-- Data records --

=-=-=-=-=

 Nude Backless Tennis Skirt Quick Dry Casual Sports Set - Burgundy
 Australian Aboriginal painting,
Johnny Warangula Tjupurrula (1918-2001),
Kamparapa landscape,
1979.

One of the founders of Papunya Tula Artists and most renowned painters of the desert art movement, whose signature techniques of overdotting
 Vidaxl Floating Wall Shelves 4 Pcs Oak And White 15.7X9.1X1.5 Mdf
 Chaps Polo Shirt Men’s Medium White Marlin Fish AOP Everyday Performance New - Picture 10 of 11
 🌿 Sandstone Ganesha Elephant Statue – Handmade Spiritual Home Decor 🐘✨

=-=-=-=-=

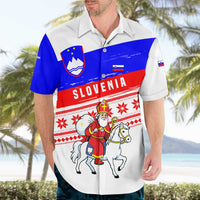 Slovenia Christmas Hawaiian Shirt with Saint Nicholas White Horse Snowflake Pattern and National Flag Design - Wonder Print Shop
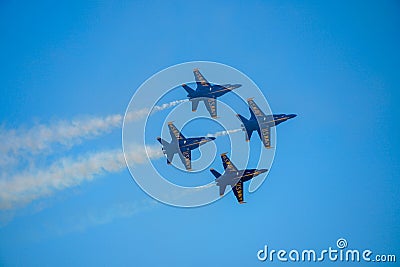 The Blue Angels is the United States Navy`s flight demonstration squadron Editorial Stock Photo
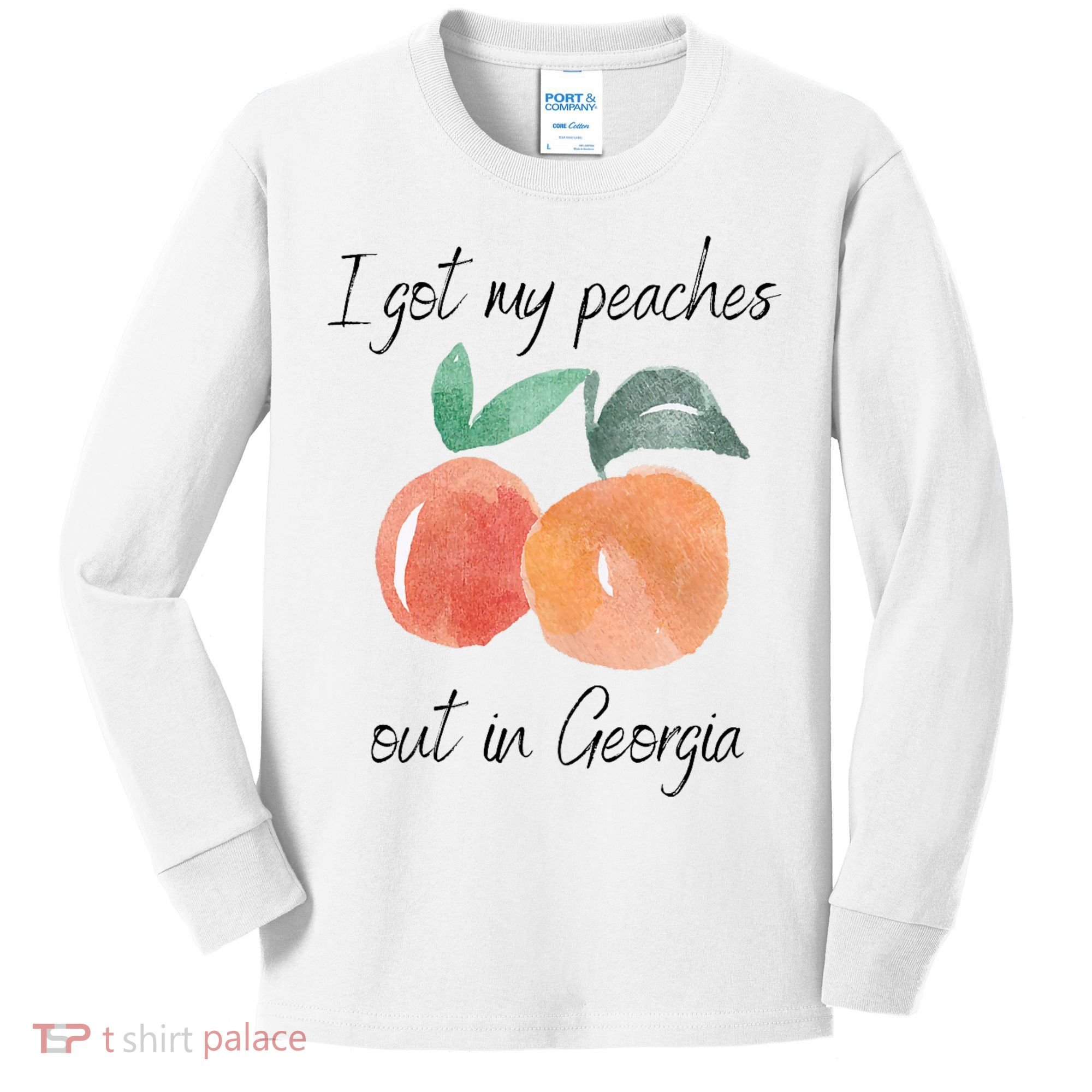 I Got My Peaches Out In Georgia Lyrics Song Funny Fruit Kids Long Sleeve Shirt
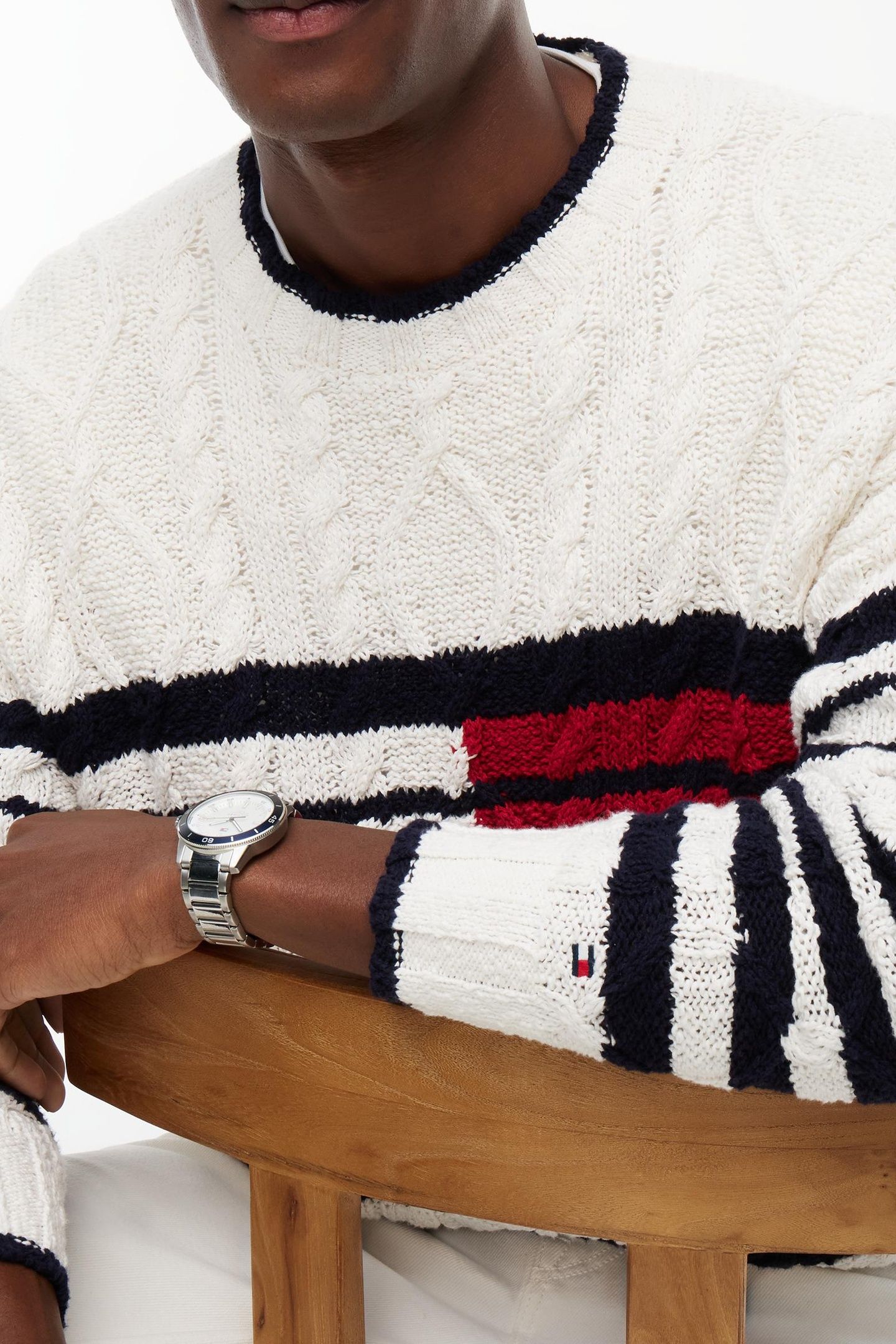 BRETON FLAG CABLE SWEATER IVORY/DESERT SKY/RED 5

=-=-=-=-=

-- Prompt --
Would you write out exactly the lines above, starting at the line containing "The Blue Angels" and stopping after the line containing "BRETON FLAG CABLE"? Omit the pictures.

-- Answer for the task --
 The Blue Angels is the United States Navy`s flight demonstration squadron Editorial Stock Photo
 I Got My Peaches Out In Georgia Lyrics Song Funny Fruit Kids Long Sleeve Shirt
 BRETON FLAG CABLE SWEATER IVORY/DESERT SKY/RED 5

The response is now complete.